● WORK ITEM: Please repeat each line from the one holding "7113 UNION Street, Burnaby, British" through the final line of the data, exactly as it stands, with no pictures.

Short descriptive text snippets
☆ ☆ ☆ ☆ ☆ ☆ ☆
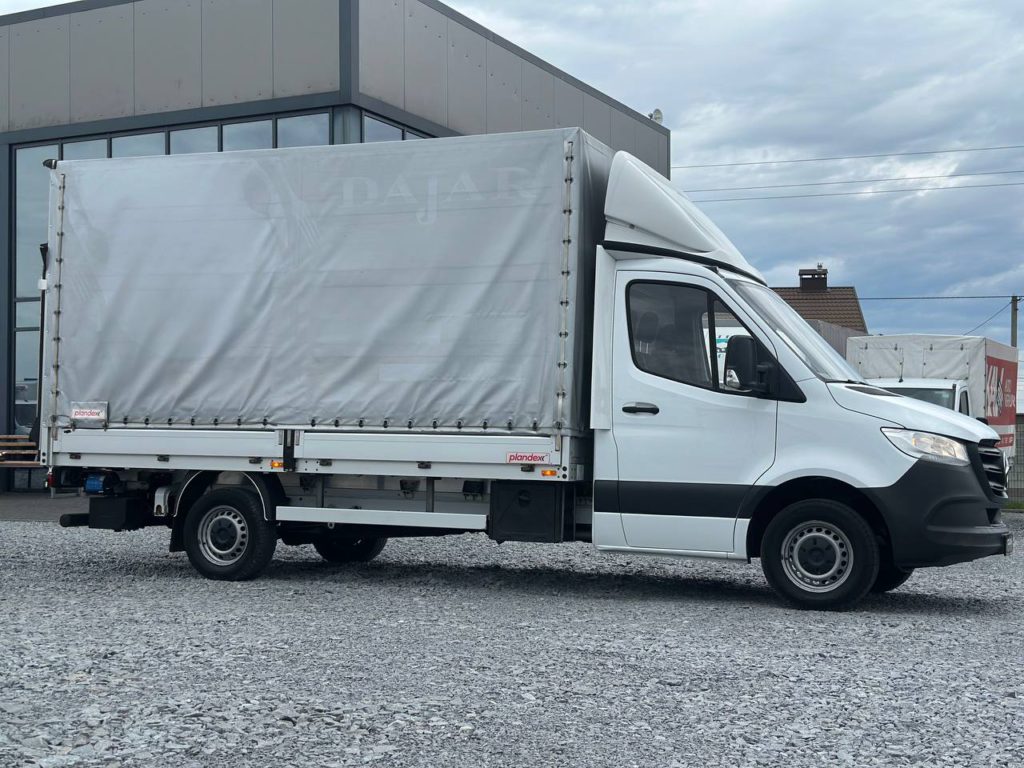 Mercedes-Benz Sprinter 2021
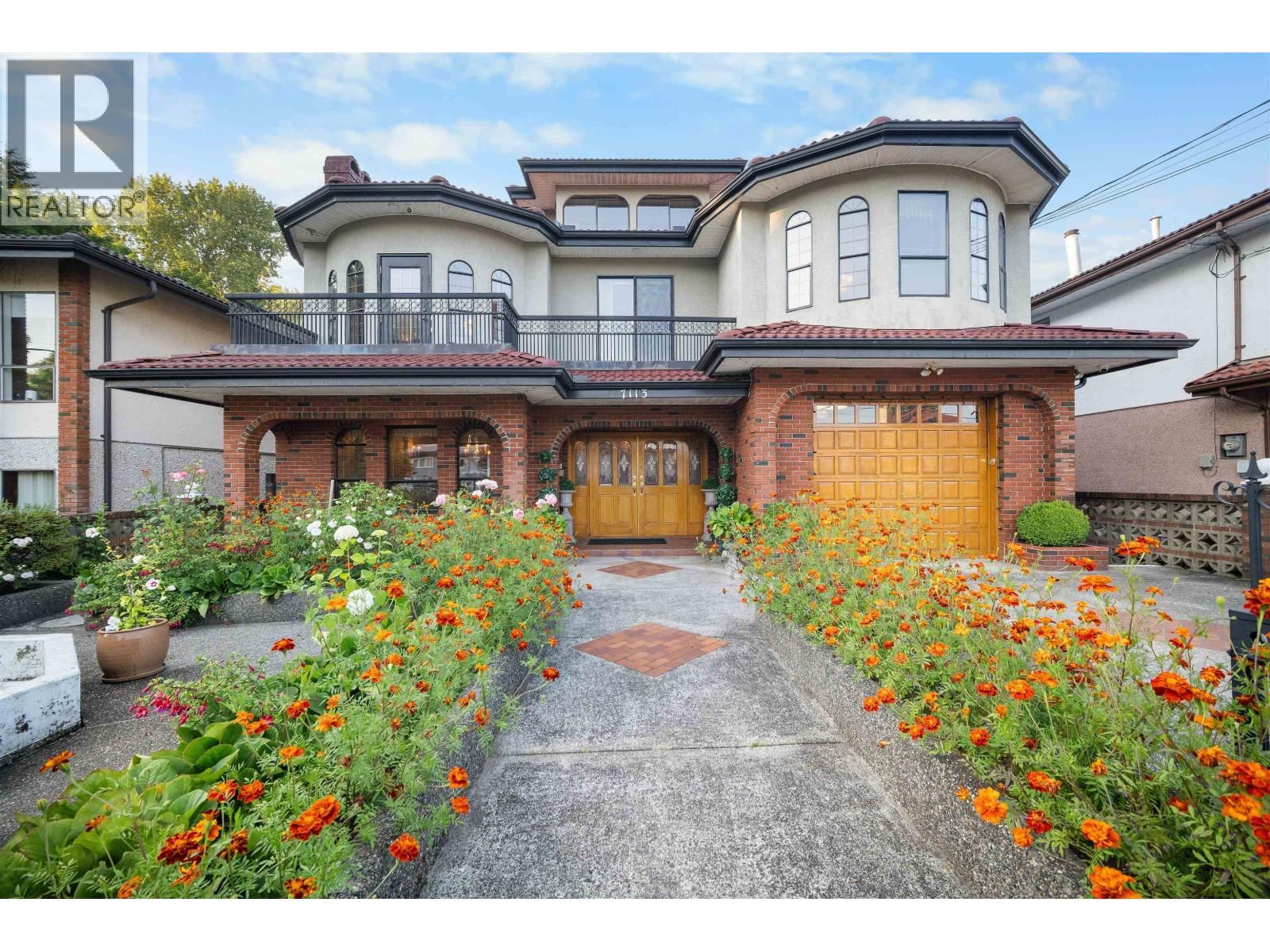 7113 UNION Street, Burnaby, British Columbia V5A 1H8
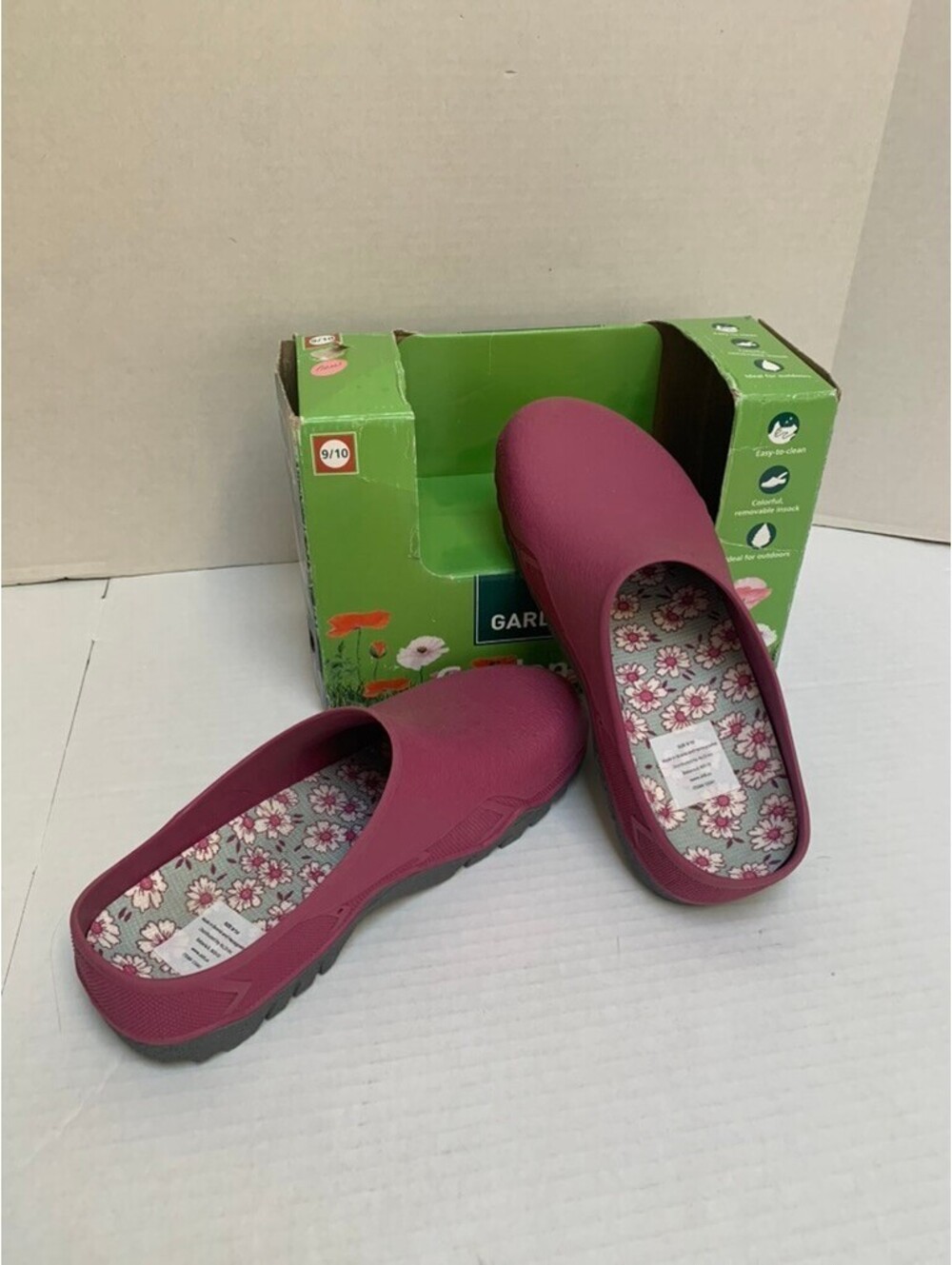 NIB New Gardenline Garden Clogs Woman Size 9/10 Fushia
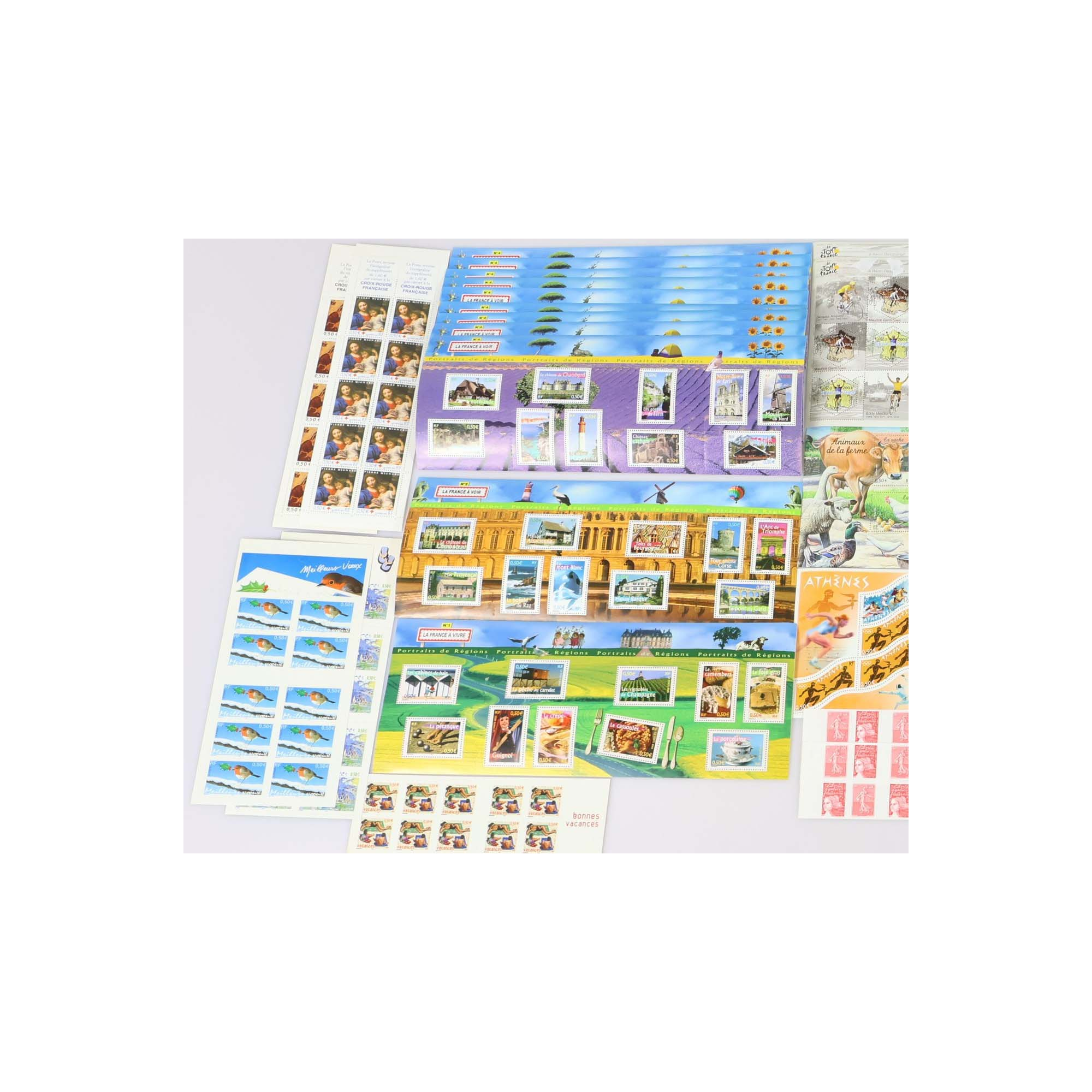 LOT DE BLOCS ET CARNETS AVEC GRANDE MAJORITÉ DE TIMBRES NEUFS** À 0.5€ FAC 169€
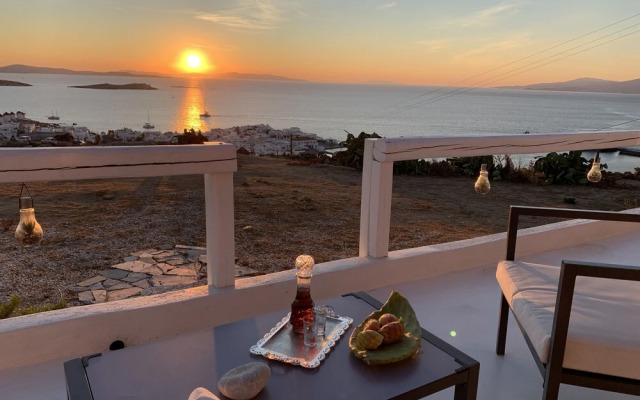 Sand Lily Mykonos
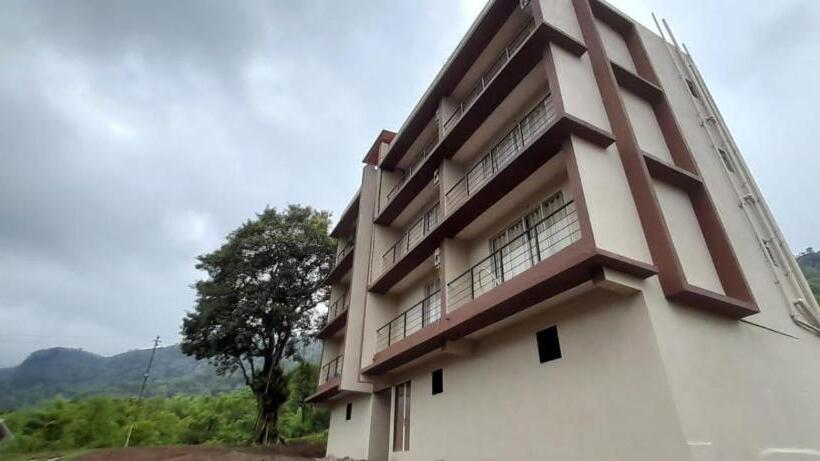 Hotel Jambrung Studio Apartments With Common Pool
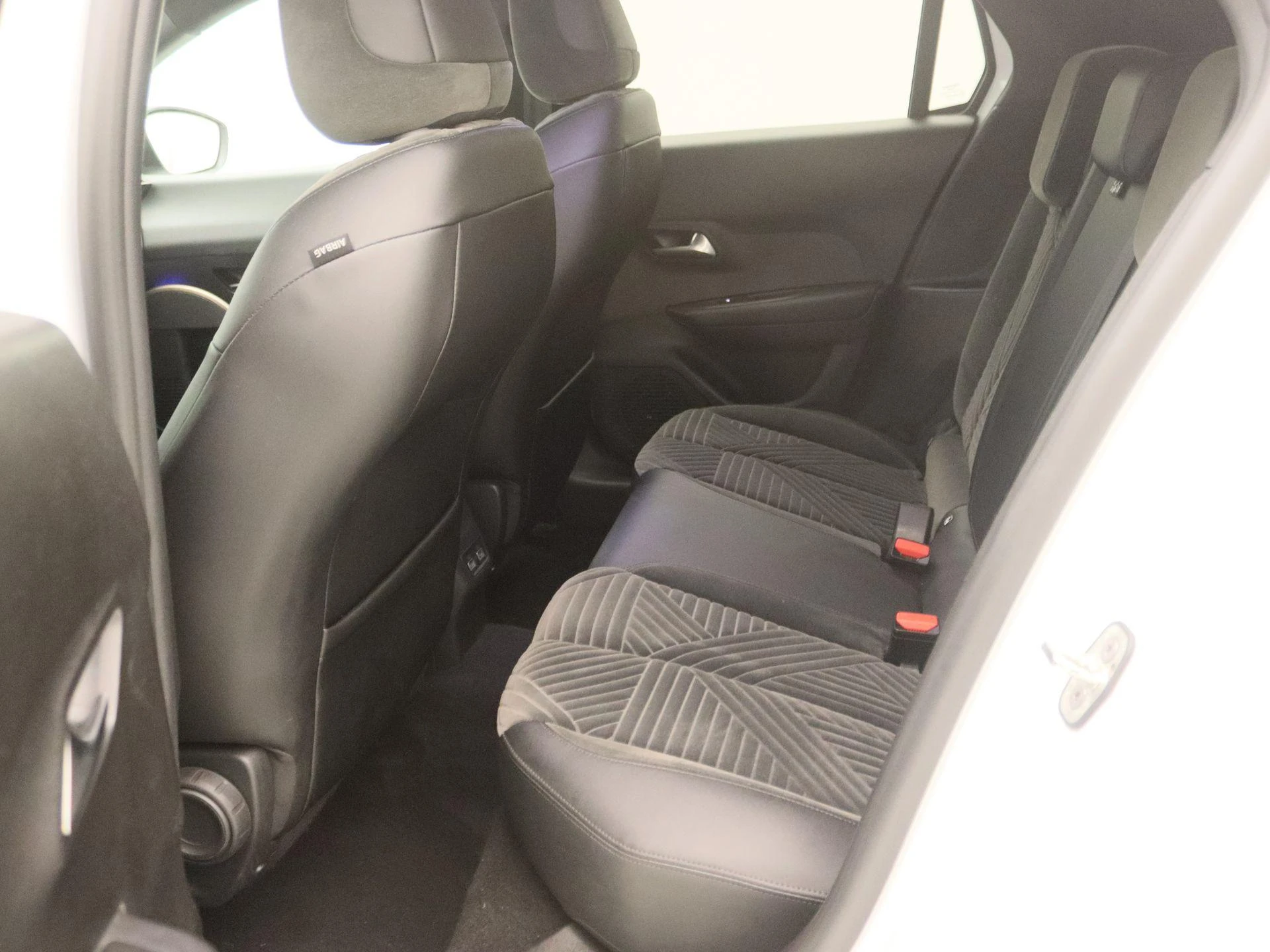 Lancia-Ypsilon-image-11
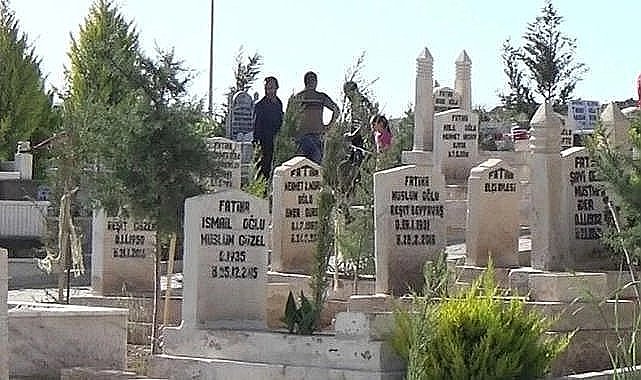 Ömer Melik Hayatını Kaybetti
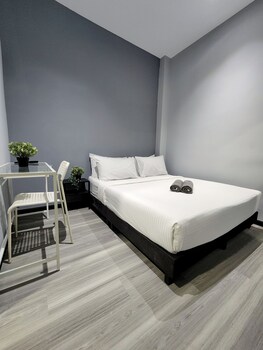 gurney coast guest house by sky hive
☆ ☆ ☆ ☆ ☆ ☆ ☆
● ANSWER AREA:
 7113 UNION Street, Burnaby, British Columbia V5A 1H8
 NIB New Gardenline Garden Clogs Woman Size 9/10 Fushia
 LOT DE BLOCS ET CARNETS AVEC GRANDE MAJORITÉ DE TIMBRES NEUFS** À 0.5€ FAC 169€
 Sand Lily Mykonos
 Hotel Jambrung Studio Apartments With Common Pool
 Lancia-Ypsilon-image-11
 Ömer Melik Hayatını Kaybetti
 gurney coast guest house by sky hive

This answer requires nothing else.